1. A personal aside:

In 1885, in Texas, David Macpherson met a newly arrived immigrant from Yorkshire, England, one Francis Beckwith. He invited him to come to Pasdena, California where he had some property that Beckwith might be interested in for the purposes of establishing a dairy. Beckwith opened the Altadena Highland Dairy in 1887 on a property that went from the corner of Maiden Lane and Mariposa east to present-day Highland Avenue and south to Mendocino Street. Generations of Beckwiths still live in Altadena, albeit through many daughters and grandaughters whose married names have hidden them among the citizenry.

One of them is Linda Salinas, great-granddaughter, a personal friend of mine, who attended the celebration in the park. I had the distinct privilege of closing a loop in local history by introducing the granddaughter of the man who was invited to Altadena by the father of Don Macpherson.

I was also able to arrange for Mr. Macpherson and his extended family, numbering about 12 people down to the grandchildren, to visit the house that he and his father built on Atchison Street when Don was only 20. Mr. and Mrs.
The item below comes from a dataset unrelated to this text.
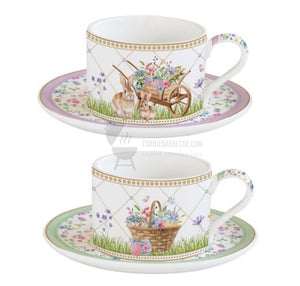 Set 2 tazze con piattino Spring Bloom Easy Life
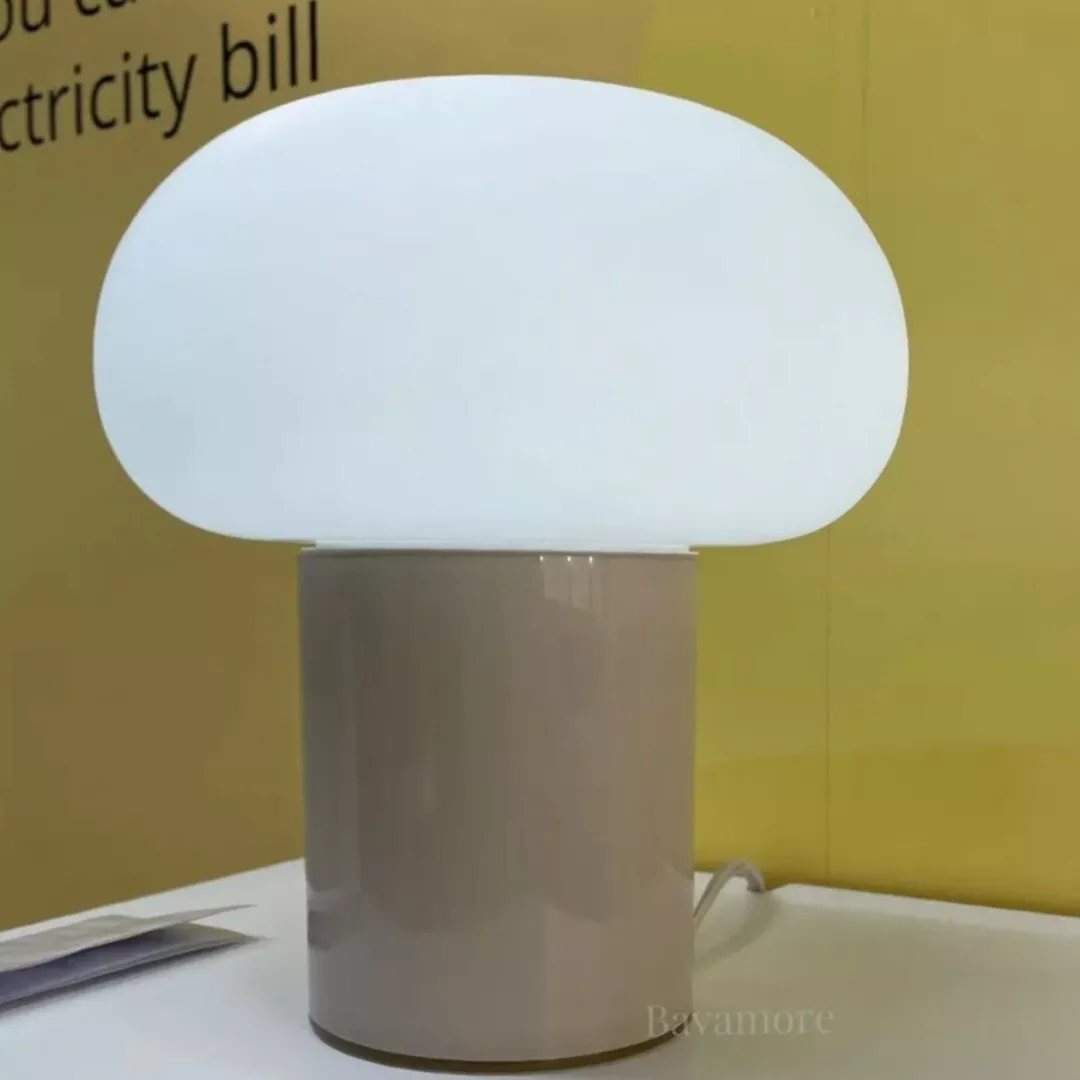 Ikea glass 2024 mushroom lamp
Dave Wlaker were happy to have them visit what is now their home, and Mr. Macpherson told tales of the particulars taken in the construction of the home, alot of it based on local weather conditions and the probability of earthquakes.


I hope you have enjoyed this historical review of one of the most fascinating personalities in American history and all his exploits. I am only too happy to have had my parents settle in a community where all this happened so that I could grow up and bring it all to you.